**WHAT TO WORK ON:**
Under this line are records; the part from the line containing "McFarlane Toys NHL" through the line containing "Democracy and The State of Emergency" should be repeated exactly. Please exclude pictures.

**ENTRIES PROVIDED:**
▬▬▬

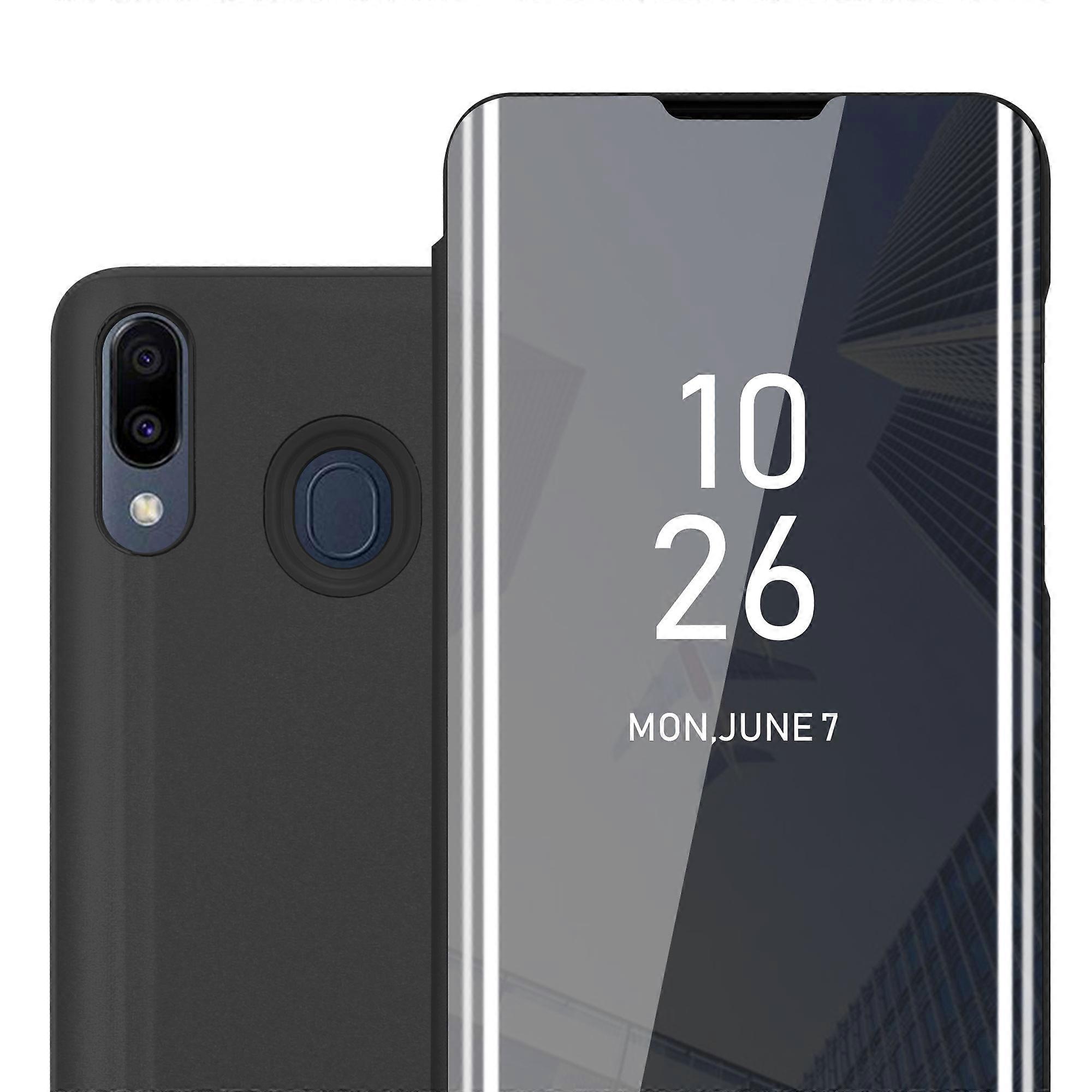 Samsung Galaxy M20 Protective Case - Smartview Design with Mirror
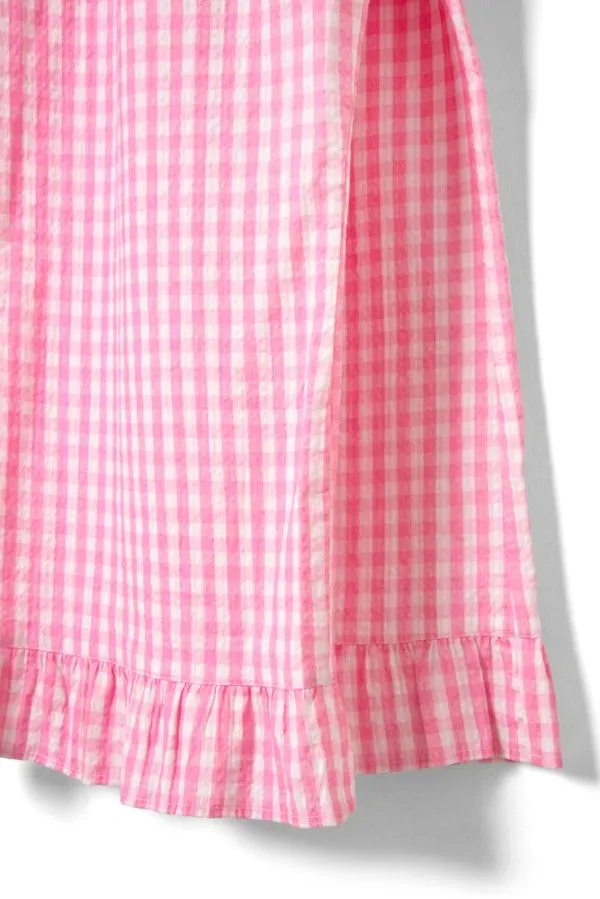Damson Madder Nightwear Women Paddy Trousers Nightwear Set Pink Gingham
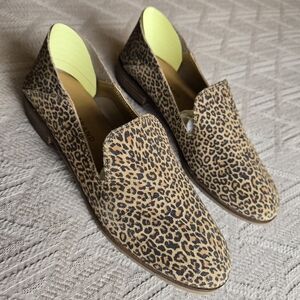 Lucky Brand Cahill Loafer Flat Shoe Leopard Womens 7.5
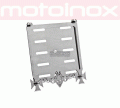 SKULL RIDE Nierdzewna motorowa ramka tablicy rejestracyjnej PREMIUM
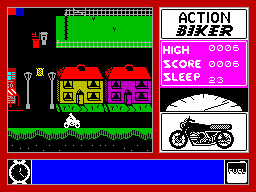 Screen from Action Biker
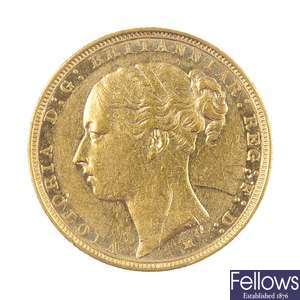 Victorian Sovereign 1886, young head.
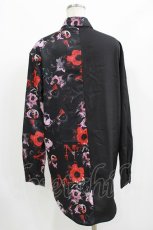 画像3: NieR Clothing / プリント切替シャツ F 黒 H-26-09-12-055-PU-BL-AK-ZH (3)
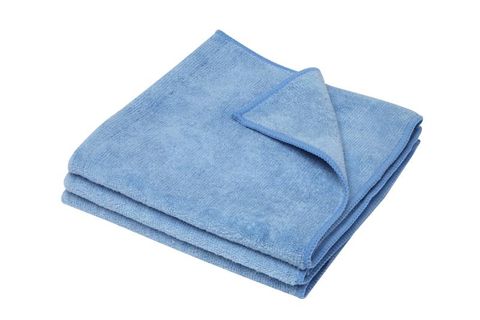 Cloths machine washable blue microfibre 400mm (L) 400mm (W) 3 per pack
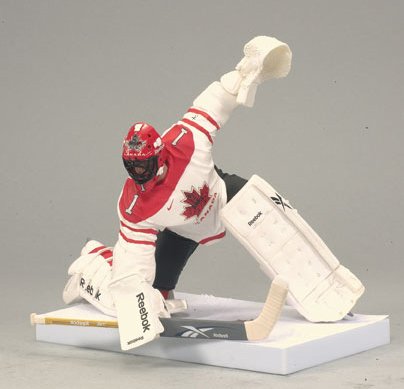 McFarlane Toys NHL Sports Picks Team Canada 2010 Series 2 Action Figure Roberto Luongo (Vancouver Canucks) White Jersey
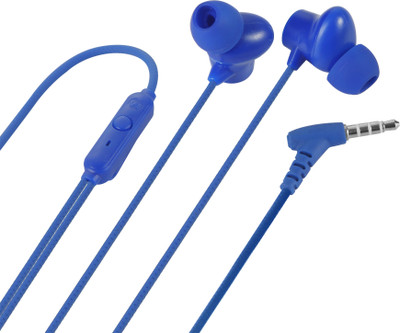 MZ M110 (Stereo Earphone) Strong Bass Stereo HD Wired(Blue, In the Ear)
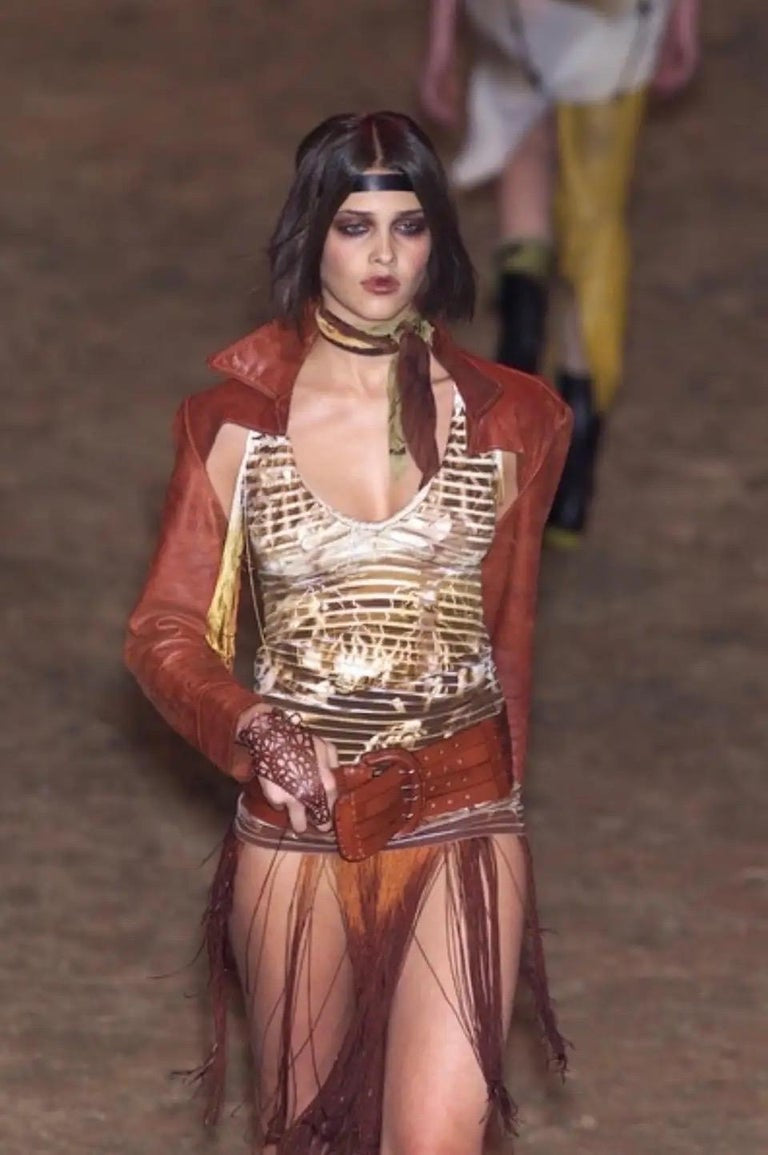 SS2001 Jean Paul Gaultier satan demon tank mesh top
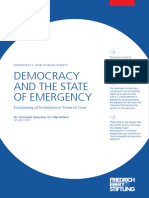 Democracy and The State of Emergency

▬▬▬

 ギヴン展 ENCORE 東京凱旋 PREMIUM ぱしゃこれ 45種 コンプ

▬▬▬

**EXPECTED OUTPUT:**
 McFarlane Toys NHL Sports Picks Team Canada 2010 Series 2 Action Figure Roberto Luongo (Vancouver Canucks) White Jersey
 MZ M110 (Stereo Earphone) Strong Bass Stereo HD Wired(Blue, In the Ear)
 SS2001 Jean Paul Gaultier satan demon tank mesh top
 Democracy and The State of Emergency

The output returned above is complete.